Mania Exclusive Interview: Kevin Feige (Mania.com)

By:Rob Vaux
Date: Friday, April 04, 2014
Source: Mania.com

Kevin Feige first worked as an associate producer for the original X-Men movie in 2000. He has since been involved in all of Marvel’s movies, as well as becoming President of Marvel Studios in 2007. That makes him the closest thing to a mastermind behind Marvel’s incredible motion picture run in the past six years, a run that continues today with Captain America: The Winter Soldier. In an exclusive interview with Mania, he talked about the Marvel movie juggernaut and some of the secrets behind its success.

 

Question: What was your first experience with Marvel Comics as a kid?

Kevin Feige: It was probably toys and cartoons. Certainly the Bill Bixby Hulk series and the Spider-Man cartoon from the 60s. And never mind the Marvel characters. Richard Donner’s Superman was a huge, huge influence. Even the Adam West Batman show was a big part of my childhood. It was always movies, though. That has always been my obsession. The Star Wars movies. Indiana Jones. All the movies that people loved and grew up with during that era. Robocop. Robocop could have easily been a comic, just a comic book movie not based on a comic.

Q: Didn’t Marvel do a Robocop comic?

KF: Afterwards, afterwards. But I didn’t know why there weren’t more comic book movies. I would always be more inclined to go to the movies on Friday than the comic book shop on Wednesday. But I absorbed a lot of it as I grew up, and a lot of my friends read the comics. I picked it all up by reading theirs. Then the X-Men cartoon started in the 90s, and the Batman animated series started opening my eyes to the possibilities there. I was working for the company making the first X-Men movie, and it was like “Wow!” Why does a movie like Batman & Robin happen when you have so much wonderful source material to draw on? And that’s what we’re trying to do here.

Q: My wife PA’d on Birds of Prey. She has an answer to that question.

KF: [Laughs.]

 

Q: So a certain bar gets set. Bryan Singer does the X-Men movies, Sam Raimi does Spider-Man, and suddenly you have a set of really good Marvel movies to compare yourselves to. How do you take those examples and run with them to where you’re at now?

KF: We had all the Marvel characters except for those guys: Spider-Man, The X-Men, the Fantastic Four, Daredevil and a few others. As far as Hollywood and the media was concerned, those were the only superheroes to have. “There’s nothing left!” they said. Well, there was a lot left.

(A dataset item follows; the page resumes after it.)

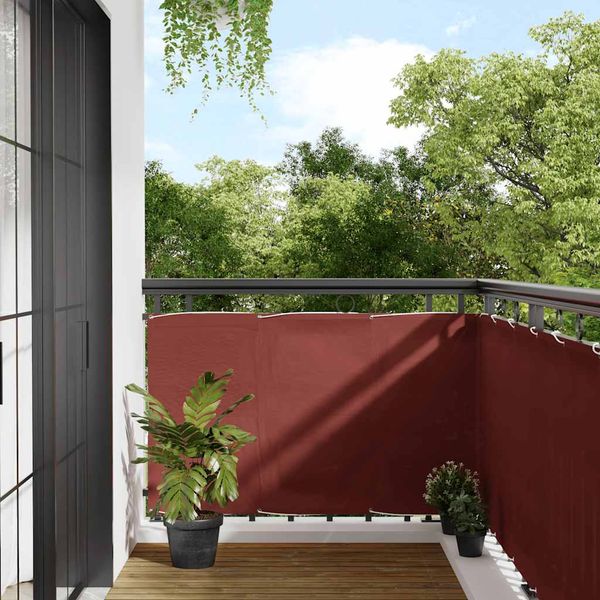 vidaXL Balkónová zástena terakotová 90x700 cm 100 % polyester oxford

A whole lot. “But why debate it?” we said. “Let’s just show it. Let’s put our money where our mouth is.” And that’s what the first Iron Man was all about. The job at hand was to make a movie that was just as good as the best of our studio movies. Even the Fantastic Four movies were money makers. So let’s make a profitable movie that closely represents the potential that can be found in our characters. Iron Man was that movie, and we’re so fortunate that the audiences agreed.

Q: And even then, you had the seeds for something bigger.

KF: That was just a pie in the sky notion, that Sam Jackson cameo at the end of Iron Man. If it hadn’t worked, it would have been just a fun little throwaway for the fans. That’s why we put it after the end credits in that move, so that it wasn’t distracting. If he showed up in the middle of the movie, it would have been like, “What is Sam Jackson doing here in an eyepatch?” But if we put it after the credits, fans would see it because fans usually stay until after the credits, and we thought that fans would spread the word. What we didn’t expect was seeing columns in Entertainment Weekly and other big media outlets saying “Who is Nick Fury? What does this mean?” And people started to fall in love with this notion of a shared universe.

Q: So at what point did this stop being a pie in the sky idea and become a viable plan?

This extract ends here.